The young urban messenger posers of today think they invented single-speed bicycles. This is from the olden days when men were men and the Tour de France was a single-speed event. As you process that sentence look at the terrain in this painting by Pat Cleary. Isn't it remarkable how little bicycle have changed since 1921? Even less changes on track bikes, which are virtually unchanged.

From Wiki: "Léon Scieur won the Tour de France on his fifth attempt, in 1921, when he was 33.He went into the lead on the second day and rode so hard to defend his position that reporters nicknamed him The Locomotive. He pedalled fast on a low gear, winning won two stages, from Cherbourg to Brest and from Nice to Grenoble.

Another Belgian, Hector Heusghem, attacked when Scieur punctured on the Col d'Allos, which climbs to 2,240m. Scieur was so angry at the breach of etiquette that riders weren't attacked when they had mechanical trouble that he set off after Heusghem, lectured him on politeness and tradition, raced off angrily alone and won the stage to Grenoble. The feud that developed between them brought still more reporters from Belgium - this was the first year that foreign reporters could follow the race by car - and made life hard work for everyone. The organiser, Henri Desgrange, wrote a column in L'Auto criticising riders for being too scared of Scieur to challenge him.

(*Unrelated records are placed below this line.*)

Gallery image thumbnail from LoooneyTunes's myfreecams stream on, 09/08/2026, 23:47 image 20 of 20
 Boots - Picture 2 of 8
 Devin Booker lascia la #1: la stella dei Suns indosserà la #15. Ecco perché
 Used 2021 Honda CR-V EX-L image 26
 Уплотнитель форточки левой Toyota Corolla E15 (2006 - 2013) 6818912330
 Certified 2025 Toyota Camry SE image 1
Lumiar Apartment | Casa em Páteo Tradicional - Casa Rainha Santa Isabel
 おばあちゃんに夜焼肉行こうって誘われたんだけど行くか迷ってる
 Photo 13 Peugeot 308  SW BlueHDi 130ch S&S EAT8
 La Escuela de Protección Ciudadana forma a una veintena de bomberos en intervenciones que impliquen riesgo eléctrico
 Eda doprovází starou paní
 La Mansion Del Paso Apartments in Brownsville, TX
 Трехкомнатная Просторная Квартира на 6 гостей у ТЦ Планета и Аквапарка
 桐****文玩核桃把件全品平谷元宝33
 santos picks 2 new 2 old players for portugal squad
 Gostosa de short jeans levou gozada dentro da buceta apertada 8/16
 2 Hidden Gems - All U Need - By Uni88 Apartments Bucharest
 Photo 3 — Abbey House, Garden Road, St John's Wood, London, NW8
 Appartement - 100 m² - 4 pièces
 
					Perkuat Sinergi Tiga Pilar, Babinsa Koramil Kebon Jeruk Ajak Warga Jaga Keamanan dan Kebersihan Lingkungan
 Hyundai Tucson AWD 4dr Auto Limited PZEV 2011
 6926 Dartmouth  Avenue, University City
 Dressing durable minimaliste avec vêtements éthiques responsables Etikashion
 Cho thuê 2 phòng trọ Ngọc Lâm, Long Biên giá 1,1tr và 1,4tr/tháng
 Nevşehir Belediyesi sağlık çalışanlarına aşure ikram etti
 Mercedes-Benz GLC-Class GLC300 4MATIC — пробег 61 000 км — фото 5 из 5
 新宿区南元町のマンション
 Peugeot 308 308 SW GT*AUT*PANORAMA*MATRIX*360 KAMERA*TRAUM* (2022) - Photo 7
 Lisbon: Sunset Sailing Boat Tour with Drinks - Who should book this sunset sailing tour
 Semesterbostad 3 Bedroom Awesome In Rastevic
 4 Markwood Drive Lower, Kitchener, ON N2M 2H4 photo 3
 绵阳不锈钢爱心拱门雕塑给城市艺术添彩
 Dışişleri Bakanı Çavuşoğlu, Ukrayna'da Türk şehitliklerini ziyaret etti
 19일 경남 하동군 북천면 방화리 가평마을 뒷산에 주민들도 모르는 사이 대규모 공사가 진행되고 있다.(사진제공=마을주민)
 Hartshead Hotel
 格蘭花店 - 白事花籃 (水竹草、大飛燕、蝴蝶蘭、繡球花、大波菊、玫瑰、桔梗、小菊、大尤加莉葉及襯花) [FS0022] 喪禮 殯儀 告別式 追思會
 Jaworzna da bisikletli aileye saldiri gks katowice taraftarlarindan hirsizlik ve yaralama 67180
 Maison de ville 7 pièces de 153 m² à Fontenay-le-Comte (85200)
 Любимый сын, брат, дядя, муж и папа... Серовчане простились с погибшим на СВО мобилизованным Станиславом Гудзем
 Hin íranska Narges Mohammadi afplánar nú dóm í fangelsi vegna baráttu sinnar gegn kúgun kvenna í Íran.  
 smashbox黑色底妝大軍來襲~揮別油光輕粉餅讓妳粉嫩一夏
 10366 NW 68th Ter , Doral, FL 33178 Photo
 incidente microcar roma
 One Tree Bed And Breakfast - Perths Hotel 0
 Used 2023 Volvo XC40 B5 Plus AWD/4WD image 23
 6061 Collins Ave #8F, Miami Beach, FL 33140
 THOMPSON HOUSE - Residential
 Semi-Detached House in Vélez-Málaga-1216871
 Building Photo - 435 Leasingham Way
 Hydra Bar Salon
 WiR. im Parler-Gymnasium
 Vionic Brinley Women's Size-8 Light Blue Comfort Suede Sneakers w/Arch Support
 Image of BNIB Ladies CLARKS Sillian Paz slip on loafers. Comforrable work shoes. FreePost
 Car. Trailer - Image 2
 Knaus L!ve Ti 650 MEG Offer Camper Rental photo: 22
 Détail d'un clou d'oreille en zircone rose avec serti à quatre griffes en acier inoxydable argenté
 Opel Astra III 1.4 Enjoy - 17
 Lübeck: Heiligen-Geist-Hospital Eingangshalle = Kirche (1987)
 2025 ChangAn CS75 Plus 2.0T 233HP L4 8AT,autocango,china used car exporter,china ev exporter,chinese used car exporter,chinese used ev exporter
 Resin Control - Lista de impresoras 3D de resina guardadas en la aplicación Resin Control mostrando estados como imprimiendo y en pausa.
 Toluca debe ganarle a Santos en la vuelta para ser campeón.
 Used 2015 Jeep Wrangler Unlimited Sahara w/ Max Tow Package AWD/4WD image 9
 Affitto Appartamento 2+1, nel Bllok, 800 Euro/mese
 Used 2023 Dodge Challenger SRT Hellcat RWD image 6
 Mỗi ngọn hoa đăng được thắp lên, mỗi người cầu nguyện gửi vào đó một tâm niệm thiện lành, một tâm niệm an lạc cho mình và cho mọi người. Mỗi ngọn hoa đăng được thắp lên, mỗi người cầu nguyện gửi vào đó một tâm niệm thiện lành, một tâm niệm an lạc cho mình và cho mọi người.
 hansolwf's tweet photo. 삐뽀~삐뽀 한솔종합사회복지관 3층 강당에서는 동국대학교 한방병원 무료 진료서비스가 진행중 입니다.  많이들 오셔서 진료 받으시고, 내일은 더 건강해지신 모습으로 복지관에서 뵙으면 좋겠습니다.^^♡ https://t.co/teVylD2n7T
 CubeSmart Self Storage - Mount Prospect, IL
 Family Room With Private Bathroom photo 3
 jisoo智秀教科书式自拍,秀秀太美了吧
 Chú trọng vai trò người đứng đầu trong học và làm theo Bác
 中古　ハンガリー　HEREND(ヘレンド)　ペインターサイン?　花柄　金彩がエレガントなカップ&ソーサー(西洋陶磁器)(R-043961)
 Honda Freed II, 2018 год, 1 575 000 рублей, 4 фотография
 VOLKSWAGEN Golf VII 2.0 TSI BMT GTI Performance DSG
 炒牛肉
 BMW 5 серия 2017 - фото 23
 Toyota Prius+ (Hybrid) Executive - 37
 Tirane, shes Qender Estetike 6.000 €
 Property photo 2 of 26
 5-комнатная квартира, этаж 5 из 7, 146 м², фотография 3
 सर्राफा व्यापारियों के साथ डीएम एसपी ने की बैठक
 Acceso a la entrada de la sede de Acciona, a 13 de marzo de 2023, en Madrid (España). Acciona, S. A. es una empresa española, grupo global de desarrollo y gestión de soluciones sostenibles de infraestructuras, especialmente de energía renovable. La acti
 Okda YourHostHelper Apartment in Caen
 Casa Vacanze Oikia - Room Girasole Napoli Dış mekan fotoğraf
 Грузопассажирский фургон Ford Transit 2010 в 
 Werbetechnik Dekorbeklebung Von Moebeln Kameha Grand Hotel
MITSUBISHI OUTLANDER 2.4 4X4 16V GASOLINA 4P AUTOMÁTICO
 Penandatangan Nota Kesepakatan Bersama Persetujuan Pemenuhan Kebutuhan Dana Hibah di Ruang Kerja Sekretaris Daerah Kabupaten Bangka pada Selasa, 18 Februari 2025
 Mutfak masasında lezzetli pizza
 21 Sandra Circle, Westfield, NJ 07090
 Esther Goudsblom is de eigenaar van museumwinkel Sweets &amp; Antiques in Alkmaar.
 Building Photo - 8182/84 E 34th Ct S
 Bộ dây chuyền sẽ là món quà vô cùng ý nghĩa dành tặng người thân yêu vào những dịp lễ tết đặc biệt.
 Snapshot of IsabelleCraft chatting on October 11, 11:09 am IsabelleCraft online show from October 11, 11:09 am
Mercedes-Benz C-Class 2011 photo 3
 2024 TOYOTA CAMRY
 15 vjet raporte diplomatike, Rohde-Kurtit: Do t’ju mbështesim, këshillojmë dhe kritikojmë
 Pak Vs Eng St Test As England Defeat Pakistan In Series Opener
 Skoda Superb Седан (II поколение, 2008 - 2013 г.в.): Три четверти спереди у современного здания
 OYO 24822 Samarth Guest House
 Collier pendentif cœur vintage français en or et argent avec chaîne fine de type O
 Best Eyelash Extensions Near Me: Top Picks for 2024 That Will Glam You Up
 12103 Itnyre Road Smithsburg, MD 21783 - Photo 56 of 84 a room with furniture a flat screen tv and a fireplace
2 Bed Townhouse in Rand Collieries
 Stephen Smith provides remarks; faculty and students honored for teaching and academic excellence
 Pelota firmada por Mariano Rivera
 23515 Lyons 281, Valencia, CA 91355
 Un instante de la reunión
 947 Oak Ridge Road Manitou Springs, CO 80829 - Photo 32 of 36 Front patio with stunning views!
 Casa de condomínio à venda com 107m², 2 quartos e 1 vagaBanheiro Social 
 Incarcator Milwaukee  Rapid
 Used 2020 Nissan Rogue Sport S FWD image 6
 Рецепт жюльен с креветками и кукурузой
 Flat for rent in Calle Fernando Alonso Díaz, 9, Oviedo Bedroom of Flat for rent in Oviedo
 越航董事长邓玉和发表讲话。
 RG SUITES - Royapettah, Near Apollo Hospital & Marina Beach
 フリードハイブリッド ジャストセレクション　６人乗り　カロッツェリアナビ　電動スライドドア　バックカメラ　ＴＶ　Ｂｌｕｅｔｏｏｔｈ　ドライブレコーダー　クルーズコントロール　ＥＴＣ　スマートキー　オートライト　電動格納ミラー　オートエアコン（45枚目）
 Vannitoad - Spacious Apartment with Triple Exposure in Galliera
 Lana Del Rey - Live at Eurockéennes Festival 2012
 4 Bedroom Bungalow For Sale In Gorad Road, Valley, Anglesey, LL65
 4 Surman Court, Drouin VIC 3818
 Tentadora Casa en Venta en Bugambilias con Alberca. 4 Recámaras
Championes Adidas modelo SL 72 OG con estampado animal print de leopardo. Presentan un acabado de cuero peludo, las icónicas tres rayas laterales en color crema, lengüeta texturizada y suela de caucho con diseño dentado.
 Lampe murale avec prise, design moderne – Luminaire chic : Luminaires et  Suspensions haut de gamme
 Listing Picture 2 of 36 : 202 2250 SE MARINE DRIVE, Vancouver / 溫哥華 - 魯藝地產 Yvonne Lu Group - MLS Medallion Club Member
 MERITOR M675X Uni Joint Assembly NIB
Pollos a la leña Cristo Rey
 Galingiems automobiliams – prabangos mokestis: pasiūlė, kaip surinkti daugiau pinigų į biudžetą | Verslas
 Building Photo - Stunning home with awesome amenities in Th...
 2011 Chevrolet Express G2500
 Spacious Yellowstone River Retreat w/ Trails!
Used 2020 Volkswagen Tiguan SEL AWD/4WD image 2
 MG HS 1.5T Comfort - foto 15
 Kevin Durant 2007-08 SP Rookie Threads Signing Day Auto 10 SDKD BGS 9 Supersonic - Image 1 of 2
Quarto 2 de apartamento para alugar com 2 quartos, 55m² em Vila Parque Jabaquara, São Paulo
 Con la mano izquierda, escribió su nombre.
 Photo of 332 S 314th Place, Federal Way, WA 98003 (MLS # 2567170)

Desgrange wasn't slow to criticise or discipline riders who he thought weren't riding hard enough. The 12th stage was 371 km from Geneva to Strasbourg. Scieur was leading the race with Heusghem and a French rider, Honoré Barthélemy. Two Belgians, Firmin Lambot and Louis Mottiat, stayed in the main group rather than chase and spoil Scieur's chances. All five riders were on the same team and were using tactics that today would be considered normal. Desgrange, however, believed riders should compete as individuals and not in teams and he banished Lambot and Mottiat to last place.

The Tour became duller after Heusghem and Scieur settled into a sullen truce but it wasn't without incident. Scieur broke 11 spokes on the last but one stage, from Metz to Dunkirk and again fell foul of Desgrange's rules. He managed to get a replacement wheel but new rules for that year's Tour said he didn't have the right to use it unless he could show Desgrange's judges that the original was beyond use. No judge saw the incident and so Scieur carried the broken wheel on his back for 300 km to the finish. He said it left a mark on his back for 15 years."